◆ What you are asked to do ◆
Using the listing that follows, return every line with the word "blurred".
################
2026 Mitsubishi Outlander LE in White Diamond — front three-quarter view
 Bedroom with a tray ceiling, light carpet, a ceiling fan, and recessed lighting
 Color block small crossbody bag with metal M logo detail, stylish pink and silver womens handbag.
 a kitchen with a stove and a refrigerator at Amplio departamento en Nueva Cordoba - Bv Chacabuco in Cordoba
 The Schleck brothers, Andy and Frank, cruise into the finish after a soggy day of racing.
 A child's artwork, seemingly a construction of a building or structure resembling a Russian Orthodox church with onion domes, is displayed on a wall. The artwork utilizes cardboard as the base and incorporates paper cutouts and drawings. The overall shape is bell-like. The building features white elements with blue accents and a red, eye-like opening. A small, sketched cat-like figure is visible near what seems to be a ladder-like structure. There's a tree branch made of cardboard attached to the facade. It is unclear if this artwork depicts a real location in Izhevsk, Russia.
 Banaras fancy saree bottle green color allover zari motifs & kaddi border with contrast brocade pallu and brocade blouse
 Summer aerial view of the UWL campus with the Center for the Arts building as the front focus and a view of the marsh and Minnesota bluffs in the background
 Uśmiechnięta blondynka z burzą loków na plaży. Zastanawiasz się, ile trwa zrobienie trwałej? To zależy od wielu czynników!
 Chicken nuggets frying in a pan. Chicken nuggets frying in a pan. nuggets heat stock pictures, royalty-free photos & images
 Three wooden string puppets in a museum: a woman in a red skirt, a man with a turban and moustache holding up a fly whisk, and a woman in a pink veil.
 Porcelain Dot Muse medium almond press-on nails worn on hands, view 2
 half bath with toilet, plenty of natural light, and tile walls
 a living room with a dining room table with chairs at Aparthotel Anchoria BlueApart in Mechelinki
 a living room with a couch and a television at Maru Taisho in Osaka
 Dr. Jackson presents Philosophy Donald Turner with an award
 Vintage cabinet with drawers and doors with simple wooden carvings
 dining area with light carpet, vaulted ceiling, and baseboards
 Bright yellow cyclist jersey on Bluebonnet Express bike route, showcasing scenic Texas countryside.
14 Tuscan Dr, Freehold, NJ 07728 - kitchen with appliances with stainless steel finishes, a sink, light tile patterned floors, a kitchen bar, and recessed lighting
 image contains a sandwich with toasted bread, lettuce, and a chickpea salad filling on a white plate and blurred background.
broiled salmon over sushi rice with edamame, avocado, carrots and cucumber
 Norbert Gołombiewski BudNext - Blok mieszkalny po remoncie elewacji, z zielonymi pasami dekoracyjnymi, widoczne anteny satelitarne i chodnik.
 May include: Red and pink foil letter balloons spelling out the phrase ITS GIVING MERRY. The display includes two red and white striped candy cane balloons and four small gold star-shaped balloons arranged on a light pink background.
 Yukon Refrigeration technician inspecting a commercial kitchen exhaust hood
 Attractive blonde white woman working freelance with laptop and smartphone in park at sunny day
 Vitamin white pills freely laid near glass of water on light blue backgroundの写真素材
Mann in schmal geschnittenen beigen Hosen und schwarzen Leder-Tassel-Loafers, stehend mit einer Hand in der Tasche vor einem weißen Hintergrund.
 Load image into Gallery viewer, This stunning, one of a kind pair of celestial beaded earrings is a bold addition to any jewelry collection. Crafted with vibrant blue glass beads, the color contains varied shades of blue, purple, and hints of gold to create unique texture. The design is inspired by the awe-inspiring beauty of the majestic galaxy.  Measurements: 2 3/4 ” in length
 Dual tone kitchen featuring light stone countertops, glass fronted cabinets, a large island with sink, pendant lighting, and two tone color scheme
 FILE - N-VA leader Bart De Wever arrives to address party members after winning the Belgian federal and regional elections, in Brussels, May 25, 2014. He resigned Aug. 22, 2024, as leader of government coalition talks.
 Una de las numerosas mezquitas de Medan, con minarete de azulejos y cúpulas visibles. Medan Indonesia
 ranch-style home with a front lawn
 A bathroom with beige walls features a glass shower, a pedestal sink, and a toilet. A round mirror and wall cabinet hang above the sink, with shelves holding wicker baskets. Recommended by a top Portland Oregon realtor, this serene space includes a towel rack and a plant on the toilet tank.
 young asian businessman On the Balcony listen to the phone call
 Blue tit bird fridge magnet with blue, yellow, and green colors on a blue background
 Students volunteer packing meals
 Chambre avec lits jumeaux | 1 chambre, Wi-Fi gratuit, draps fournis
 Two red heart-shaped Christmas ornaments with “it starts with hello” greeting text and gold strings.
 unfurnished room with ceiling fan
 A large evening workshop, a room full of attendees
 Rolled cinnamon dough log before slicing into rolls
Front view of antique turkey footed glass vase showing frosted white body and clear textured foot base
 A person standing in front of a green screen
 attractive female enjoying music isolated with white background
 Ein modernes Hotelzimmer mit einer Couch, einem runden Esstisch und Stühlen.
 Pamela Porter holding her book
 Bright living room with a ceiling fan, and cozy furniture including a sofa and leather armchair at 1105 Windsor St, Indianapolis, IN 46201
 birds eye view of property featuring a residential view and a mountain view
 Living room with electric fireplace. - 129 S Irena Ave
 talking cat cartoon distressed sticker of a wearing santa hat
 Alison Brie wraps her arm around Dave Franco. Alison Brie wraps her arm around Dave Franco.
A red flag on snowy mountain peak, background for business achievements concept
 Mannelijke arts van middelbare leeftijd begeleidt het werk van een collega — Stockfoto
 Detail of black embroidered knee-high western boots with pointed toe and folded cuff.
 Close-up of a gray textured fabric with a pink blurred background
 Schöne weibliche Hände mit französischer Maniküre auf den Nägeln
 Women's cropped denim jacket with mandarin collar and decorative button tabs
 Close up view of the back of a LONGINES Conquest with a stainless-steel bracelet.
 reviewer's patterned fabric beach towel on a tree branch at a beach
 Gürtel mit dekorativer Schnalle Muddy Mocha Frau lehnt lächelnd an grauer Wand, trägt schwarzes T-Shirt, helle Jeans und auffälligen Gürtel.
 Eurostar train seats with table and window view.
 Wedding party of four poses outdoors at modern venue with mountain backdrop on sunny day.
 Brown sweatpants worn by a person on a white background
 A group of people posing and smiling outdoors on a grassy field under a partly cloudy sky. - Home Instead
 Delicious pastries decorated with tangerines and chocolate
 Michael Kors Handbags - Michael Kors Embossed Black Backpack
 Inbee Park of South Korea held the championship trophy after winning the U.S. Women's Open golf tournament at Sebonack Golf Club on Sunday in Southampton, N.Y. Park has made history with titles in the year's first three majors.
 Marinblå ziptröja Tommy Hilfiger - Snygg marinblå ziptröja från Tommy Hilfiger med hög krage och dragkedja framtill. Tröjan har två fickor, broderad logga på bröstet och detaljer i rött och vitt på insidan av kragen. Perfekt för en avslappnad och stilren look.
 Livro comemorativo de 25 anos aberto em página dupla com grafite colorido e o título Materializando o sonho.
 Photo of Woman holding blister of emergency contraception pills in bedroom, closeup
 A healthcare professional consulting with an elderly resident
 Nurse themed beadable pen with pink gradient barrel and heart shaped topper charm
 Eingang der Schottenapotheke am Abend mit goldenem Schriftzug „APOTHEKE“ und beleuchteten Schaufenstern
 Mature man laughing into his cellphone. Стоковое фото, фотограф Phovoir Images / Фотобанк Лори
################
◆ Written answer ◆
 image contains a sandwich with toasted bread, lettuce, and a chickpea salad filling on a white plate and blurred background.
 Close-up of a gray textured fabric with a pink blurred background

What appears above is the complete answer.